Writing in the Washington Post, neo-conservatives Reuel Gerecht and Ray Takeyh wrongheadedly propose to send U.S. ground troops to fight Iran and its proxies in Iran and Syria:

It is way past time for Washington to stoke the volcano under Tehran and to challenge the regime on the limes of its Shiite empire. This will be costly and will entail the use of more American troops in both Syria and Iraq. But if we don’t do this, we will not see an end to the sectarian warfare that nurtures jihadists. We will be counting down the clock on the nuclear accord, waiting for advanced centrifuges to come on line. As with the Soviet Union vs. Ronald Reagan, to confront American resolution, the mullahs will have to pour money into their foreign ventures or suffer humiliating retreat.

They're nuts. The last thing the US should do is commit ground forces.

It isn't Iran that we would be fighting: It's an international mercenary army that already includes thousands of fighters recruited from the three million Hazara Afghans now seeking refuge in Iran, from the persecuted Pakistani Shi'ites who comprise a fifth of that country's huge population, and elsewhere.
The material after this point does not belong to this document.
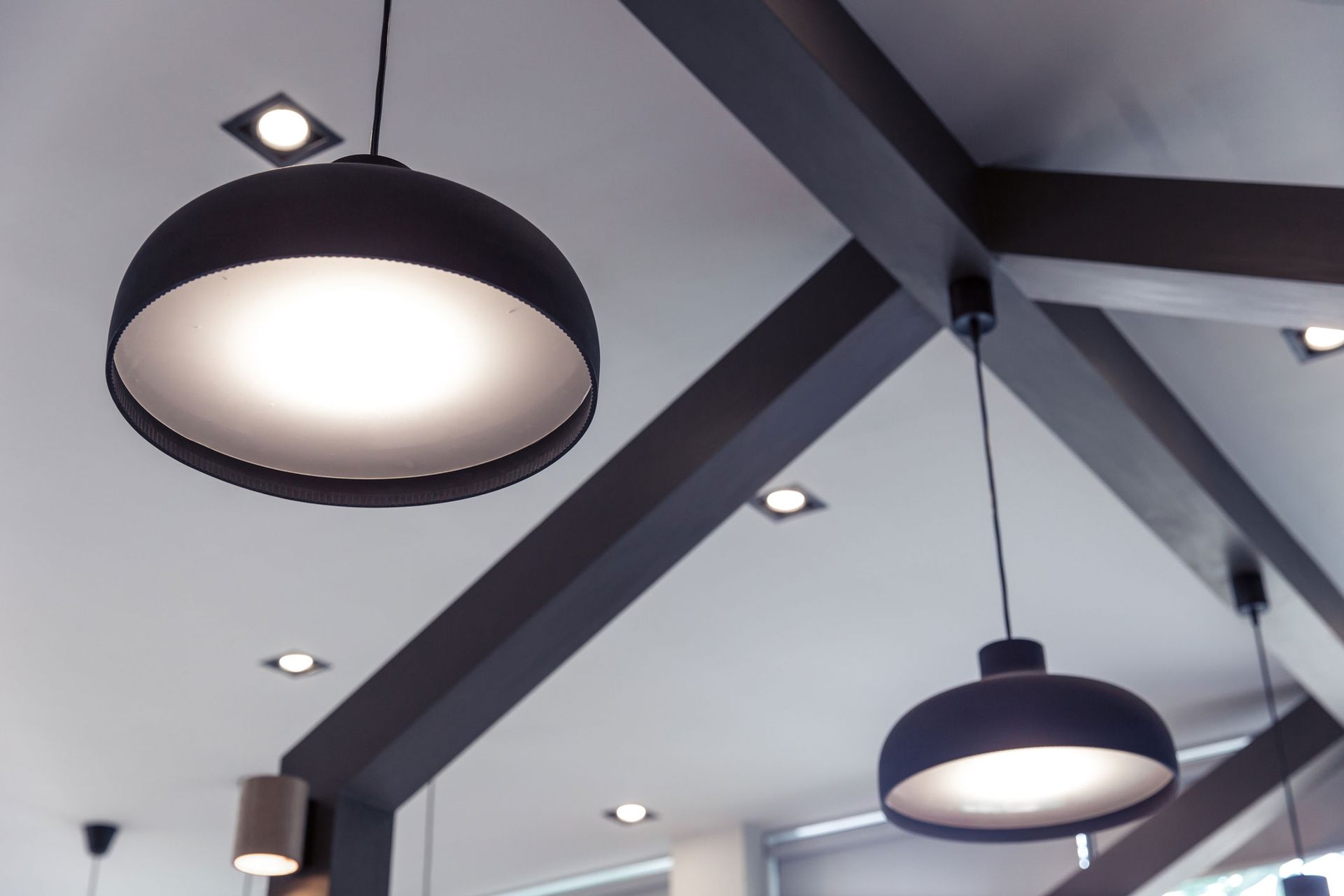 Two black pendant lights hanging from a white ceiling with wooden beams.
...The manpower pool from which these fighters are drawn is virtually bottomless. The war has already displaced half of Syria's 22 million people, and Iran plans to replace Sunnis with Shi'ite immigrants in order to change the demographic balance. The Sunni side of the conflict has become globalized with fighters from the Russian Caucasus, China's Xinjiang Province, as well as Southeast Asia.

The U.S. State Department last year estimated that 40,000 foreign fighters from 100 countries were in Syria; Russia cited a figure of 30,000. Whatever the number is today, it would not be difficult to add a zero to it.
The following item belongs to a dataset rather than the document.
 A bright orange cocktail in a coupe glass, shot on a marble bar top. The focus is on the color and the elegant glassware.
Russia and China, as I explained in the cited Asia Times essay, blame the U.S. for opening the Pandora's Box of Sunni radicalism by destroying the Iraqi State and supporting majority (that is, Shi'ite) rule in Iraq. Sadly, they are broadly correct to believe so. Thanks to the advice of Gerecht and his co-thinkers at the Weekly Standard and Commentary, the Bush administration pushed Iraq's and Syria's Sunnis into the hands of non-state actors like al-Qaeda and ISIS.
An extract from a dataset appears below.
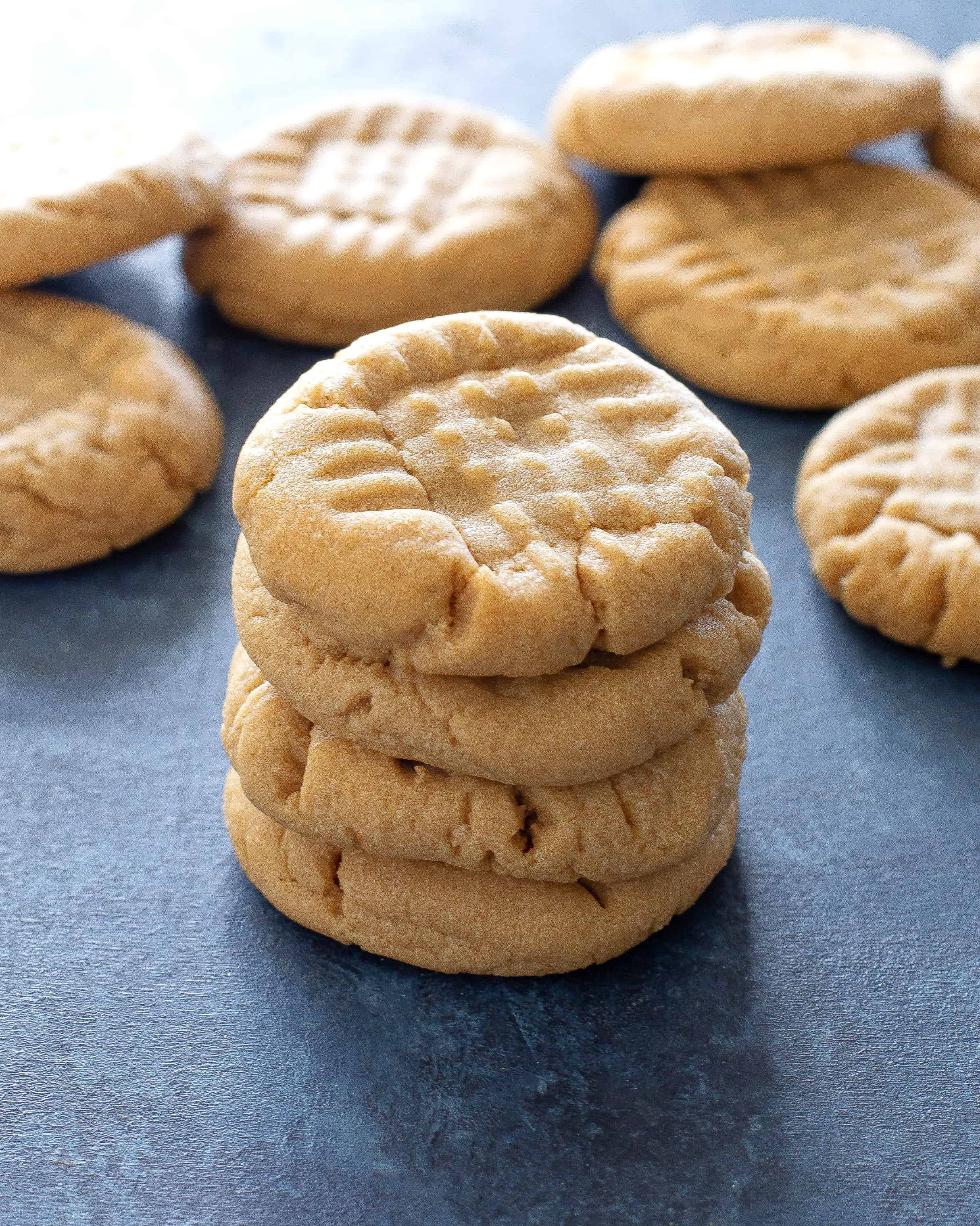 peanut butter cookies in a stack on a blue background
A seventh of Russia's population is Muslim, and 90% of them are Sunnis. China has a restive Muslim population among the Uyghurs in its far West, and all of them are Sunnis. Moscow and Beijing therefore support Shi'ite terrorists as a counterweight to Sunni jihadists. A Eurasian Muslim civil war is unfolding as a result. Daniel Pipes of the Middle East Forum thinks America should let Sunnis and Shi'ites exhaust each other. If it were just Syria, that would make sense, but the Syrian conflict is the nodal point for a much larger and more dangerous conflagration. If the 300 million Muslims of Southeast Asia were to become involved, the consequences would be horrific.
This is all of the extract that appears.